Merde. C'est sorti tout seul. Des mots vomis alors que j'aurais dû sourire et les enfermer dans un coffre. Il renversa la tête en arrière et éclata de rire.
"Haha ! Et une langue bien acérée en plus. Je suppose que c'est pour ça qu'on t'appelle Violence, non ?"
"Hmm. Quelque chose comme ça."
"Y aurait-il une autre raison pour ce nom ?"
Je haussai un sourcil et laissai tomber la dernière pelure d'orange sur mon assiette.
"Peut-être qu'il y en a une. Peut-être pas. Une dame ne révèle pas ses secrets."
"Eh bien," dit-il avec un sourire, "c'est peut-être exactement ce que mon club recherche."
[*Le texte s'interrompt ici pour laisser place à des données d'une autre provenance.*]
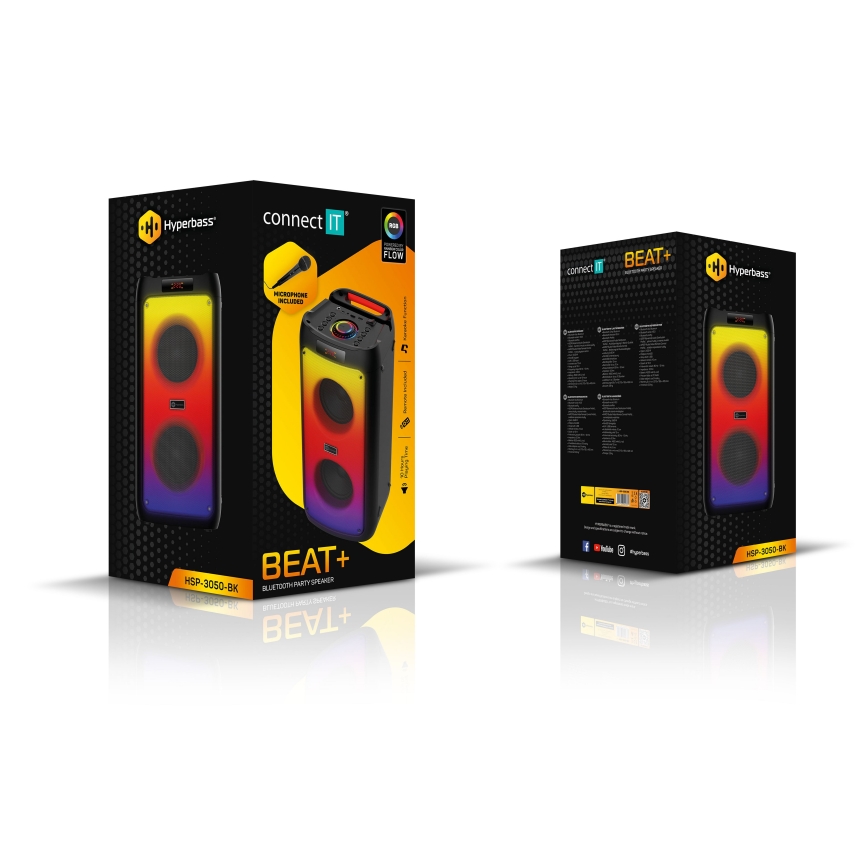 CONNECT IT HSP-3050-BK - LED Draadloze luidspreker met een microfoon 60W/5V 4500 mAh zwart + afstandsbediening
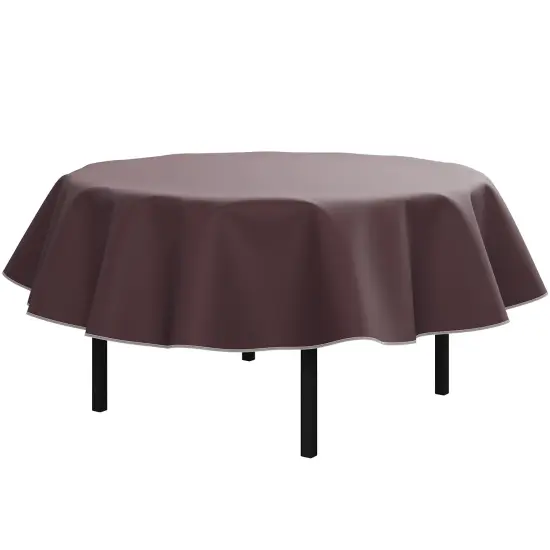 Exquisite Vinyl Tablecloth &ndash; 70" Round &ndash; Pack of 1 &ndash; Round Plastic Table Cover with Flannel Backing &ndash; Reusable & Waterproof Tablecloth for Parties and Events Brown {2}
Il fit glisser une carte blanche sur le bar vers moi. Elle était vierge sauf pour une adresse. J'en avais déjà vu avant. Des clubs de combat clandestins. Cela faisait longtemps, mais je connaissais les signes. Mon père en possédait un et m'avait appris à me battre avant même que je puisse marcher.
"Quand ?" demandai-je. C'était tout ce que j'avais besoin de savoir. De l'argent rapide et facile. C'est ce dont j'avais besoin.
"Je savais que j'avais raison," dit-il, les yeux scintillants. "Je pouvais voir le feu dans tes yeux. Les lundis et vendredis. De 2h à 5h du matin."
"Et le mot de passe ?"
Il sourit en coin. Il me testait. Voyant si je savais comment ça fonctionnait. Je savais. Mais je n'allais pas expliquer comment ni pourquoi.
"Luciole," dit-il finalement.
"Coût d'entrée ?"
"Pour toi, Violence, je couvrirai ta première manche. Gagne ça et tu auras assez pour la deuxième et un peu pour ta poche. Dis simplement à Benji à l'accueil que Ronaldo te couvre."
Il vida le reste de son verre, puis se tourna pour partir. Mais il s'arrêta encore une fois.
"Oh et ceci," ajouta-t-il, sortant une grosse liasse de billets de son portefeuille et la déposant sur le bar. "Un pourboire. Pour avoir été une si agréable dame à regarder ce soir."
Je hochai la tête et souris comme j'aurais dû le faire dès le début. Je ramassai l'argent et allai le glisser dans le bonnet de mon corset avec la carte de visite, mais alors je vis le montant.
Putain de merde.
Il devait y avoir au moins 500 euros ici.
Je vais certainement manger tous ces biscuits ce soir.
Si le club de combat de Ronaldo ressemblait à celui de mon père... peut-être que je pourrais me remettre sur pied plus vite que je ne le pensais.